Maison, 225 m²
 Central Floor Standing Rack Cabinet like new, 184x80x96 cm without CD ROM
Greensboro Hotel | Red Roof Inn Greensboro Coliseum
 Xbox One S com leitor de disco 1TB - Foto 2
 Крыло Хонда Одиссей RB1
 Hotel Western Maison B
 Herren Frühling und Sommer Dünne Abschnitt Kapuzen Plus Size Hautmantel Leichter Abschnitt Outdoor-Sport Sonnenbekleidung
────
Exercise brief => Copy the records above, keeping each line identical.

Answer for the task =>
Maison, 225 m²
 Central Floor Standing Rack Cabinet like new, 184x80x96 cm without CD ROM
Greensboro Hotel | Red Roof Inn Greensboro Coliseum
 Xbox One S com leitor de disco 1TB - Foto 2
 Крыло Хонда Одиссей RB1
 Hotel Western Maison B
 Herren Frühling und Sommer Dünne Abschnitt Kapuzen Plus Size Hautmantel Leichter Abschnitt Outdoor-Sport Sonnenbekleidung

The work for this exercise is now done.